La geoingegneria è la scienza che studia come intervenire nella dinamica del sistema climatico del pianeta Terra per indurlo a imboccare una direzione desiderabile. E i geotecnologi converranno ad Asilomar per prendere atto che la loro scienza comporta esperimenti a larga scala dagli esiti incerti e, appunto, rischiosi. E come i loro colleghi biotecnologi si chiederanno se sono legittimati a proseguire in questa attività di ricerca oppure, in attesa di saperne di più, devono sospenderla.

Le tecniche della geoingegneria - come spiegano sull'ultimo numero della rivista Science Jason J. Blackstock, dello IIASA (International Institute for Applied Systems Analysis) di Laxenburg, in Austria, e Jane C. S. Long del Lawrence Livermore National Laboratory di Livermore, in California - sono essenzialmente due: la CDR (carbon dioxide removal), che consiste nel tentativo di rimuovere l'anidride carbonica e gli altri gas serra dall'atmosfera, e la SRM (solar radiation management), che consiste nel tentativo di gestire e modificare a piacimento il bilancio dell'energia solare che arriva sulla Terra.
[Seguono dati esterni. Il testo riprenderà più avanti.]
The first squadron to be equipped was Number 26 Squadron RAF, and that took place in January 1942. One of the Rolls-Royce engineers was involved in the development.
Le tecniche di CDR sono svariate. Vanno dal tentativo di incapsulare anidride carbonica e confinarla in grotte del sottosuolo alla fertilizzazione degli oceani con composti a base di ferro. Sono considerate a rischio relativamente basso, ma hanno alcuni difetti: sono complicati e/o costosi e comunque richiedono tempi lunghi per incidere sugli attuali cambiamenti del clima accelerati dall'uomo.
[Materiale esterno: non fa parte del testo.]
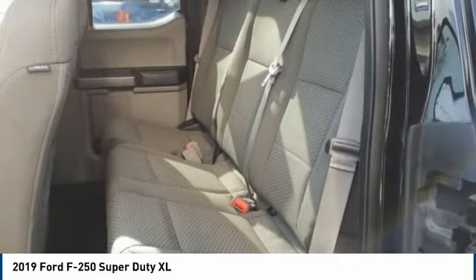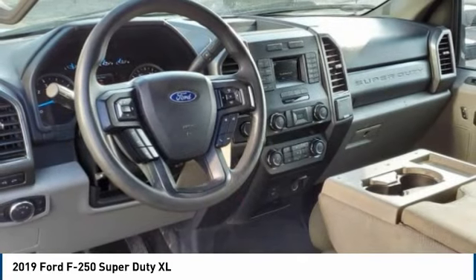Searching for a dependable vehicle that looks great too? You found it. So stop in today.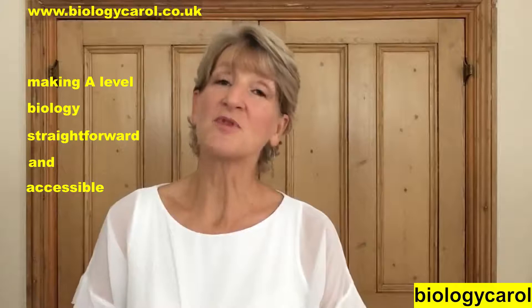Offer number two is for you year 12s who only need year one videos. For a year's access to them it's £25, and if you subscribe to the year one and year two bundle in year 13 — which is what you'll need — you'll get 25% off.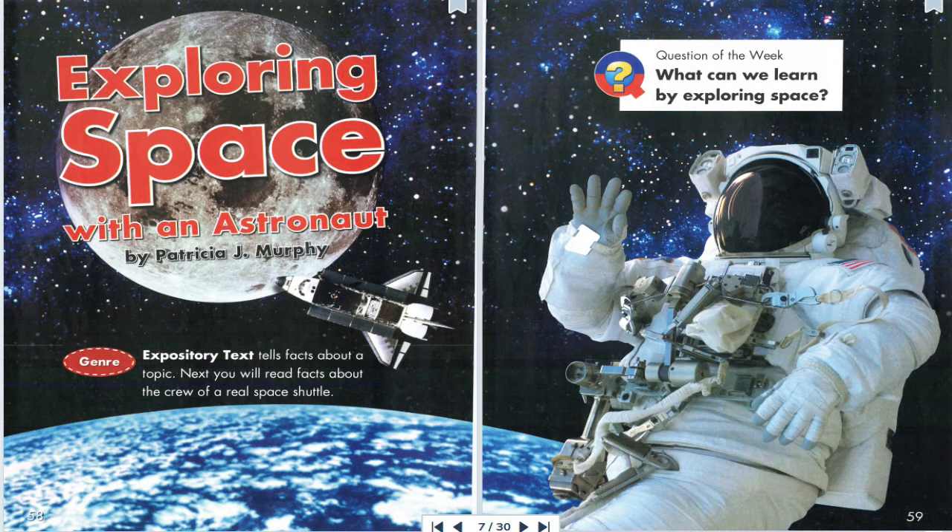Exploring Space with an Astronaut by Patricia J. Murphy.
Le tecniche di SRM consistono, invece, in tecniche come la disseminazione in atmosfera di aerosol che riflettono la luce proveniente dal Sole, contribuendo così ad abbassare rapidamente la temperatura al suolo. È quello che succede dopo le grandi eruzioni vulcaniche, che da questo punto di vista sono dei veri e propri "esperimenti naturali". La gestione della radiazione solare sperimentata dai vulcani è particolarmente appealing, proprio a causa della estrema rapidità della sua azione. Il guaio è che quelli vulcanici sono esperimenti incontrollabili. Sia perché gli effetti non sono prevedibili, neppure a parità di potenza dell'eruzione, in quanto le emissioni possono variare chimicamente da vulcano a vulcano; sia perché le nuvole di aerosol non sono confinabili. Ma scarrozzano libere per l'atmosfera e la stratosfera.
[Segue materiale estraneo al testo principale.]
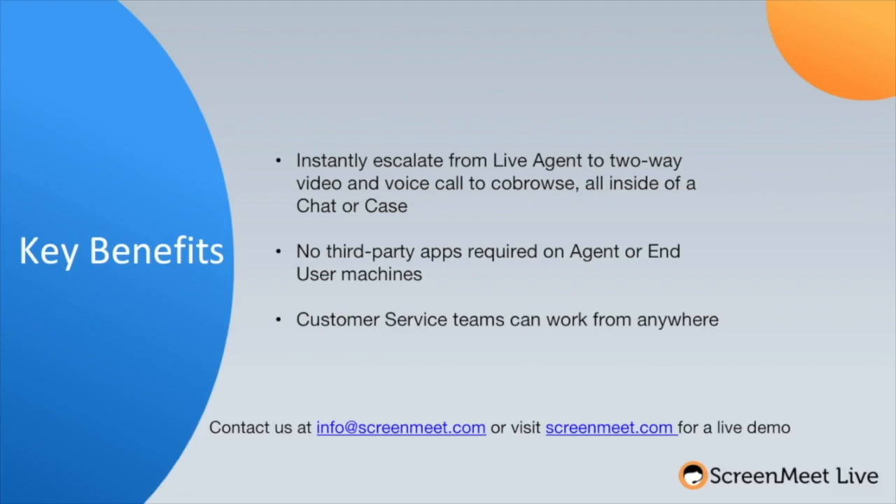For more information and help with installing and presenting to clients, please contact info at screenmeet.com.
Un tipo di problemi che si ripropone con gli "esperimenti artificiali", condotti dai geoingegneri. Disseminare con gli aerosol l'atmosfera è impresa facile e poco costosa. Ma gli effetti sono imprevedibili: possono abbassare la temperatura, ma anche attaccare l'ozono stratosferico, per esempio. E, in ogni caso, incontrollabili: anche le nubi "artificiali" di aerosol scarrozzano per l'atmosfera, scarsamente confinabili e del tutto incuranti dei confini politici.

E allora nascono molti problemi sia di legittimità (chi e come può autorizzare questi esperimenti?), sia di opportunità (è lecito una sperimentazione che comporta rischi così estesi?). È per discutere di questo che i geoingegneri si ritroveranno tra meno di due mesi ad Asilomar. Ma anche per discutere di politica. O meglio del rapporto tra innovazione tecnica e politica. Il recente convegno di Copenaghen ha dimostrato quanta difficoltà abbiano gli stati ad affrontare in termini politici il problema dei cambiamenti climatici. E allora molti potrebbero essere tentati dalla scorciatoia tecnologica. Ora è vero che la buona politica non deve rinunciare all'opzione tecnologica. Ma è anche vero che mai la tecnologica ha risolto problemi squisitamente politici. Anzi, quando è stata usata male, la scorciatoia tecnologica ha prodotto guasti enormi.